Joshua M. Greene (Yogesvara dasa) is author of Gita Wisdom: An Introduction to India’s Essential Yoga Text. His next book is Golden Avatar (Mandala 2027) about the life and teachings of Sri Chaitanya (1486-1533).

Yoga and Oil

Yoga and Oil

An ancient practice offers surprising insights.

Despite warnings over environmental consequences, oil consumption in the U.S. is nearing historic highs, and efforts to create energy-efficient alternatives have dropped. Yoga culture has something to say about the reversal in direction, and to understand how these seemingly unrelated fields intersect, let’s put our present moment in historic perspective.


How We Got Here

A century ago, German sociologist Max Weber described that prior to the Industrial Revolution, pursuit of wealth was considered a mortal sin and condemned by organized religion.
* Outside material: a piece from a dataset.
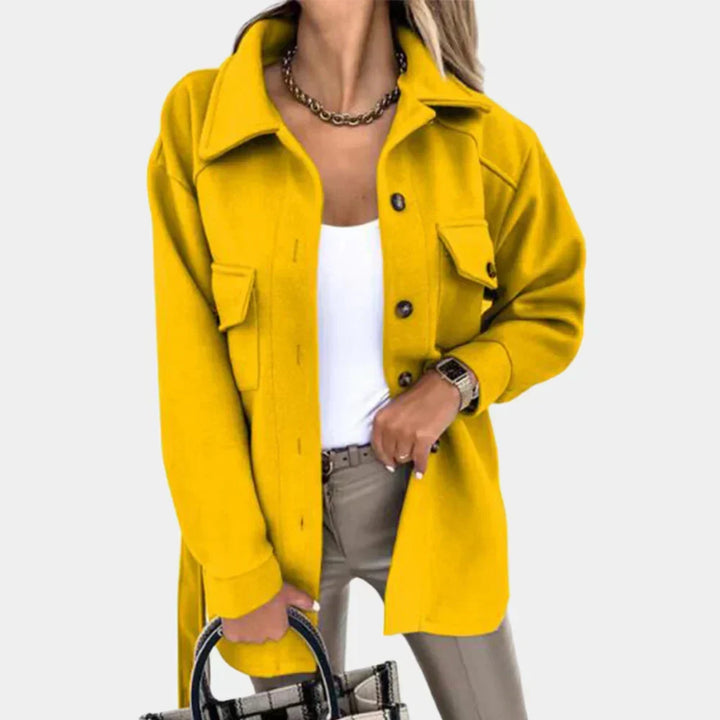 Women's Long Belted Shacket with Flap Pockets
Humility and simplicity ranked higher as Christian ideals than wealth and acquisition.

Encouraged first by Renaissance notions of unlimited human potential, then by explosive developments in communications and transportation technology, those ideals switched places. By this new formulation, hard work and resultant wealth became the real test of piety, and no industry embodied this shift more vividly than oil.
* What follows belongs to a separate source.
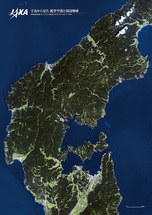 だいちから見た日本の都市 能登空港と周辺地域：衛星画像（ポスター仕上げ）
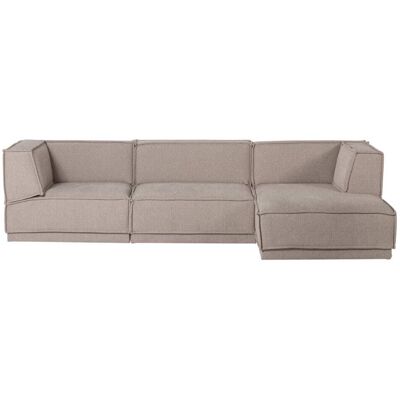 WOOOD Canapé d'angle droit en tissu chenille naturel - Publicité WOOOD Canapé d'angle droit en tissu chenille naturel - Publicité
John D. Rockefeller, whose company, Standard Oil, was the most powerful corporation of its day, regarded petroleum as “the bountiful gift of the Creator” and used his fabulous wealth to build churches, endow Christian universities, and underwrite early televangelist ministries. By his reckoning, fossil fuel was not merely a natural resource, it was the sacred link between humans and their Maker. By the 1920s, the religious work ethic was firmly established. Diligent labor would lead to prosperity, and prosperity was proof that God was pleased.

Nature, in this formulation, was an endless resource to be exploited in the pursuit of profits. With grim foresight, Weber predicted that the system would endure “until the last ton of fossil fuel has been consumed.” A century later, his words seem eerily prophetic.


The Trap of More

Soon, however, the theological part of the formula dropped away. What need is there any longer for God, asked the wealthy, since hard work alone has proven itself sufficient for achieving prosperity?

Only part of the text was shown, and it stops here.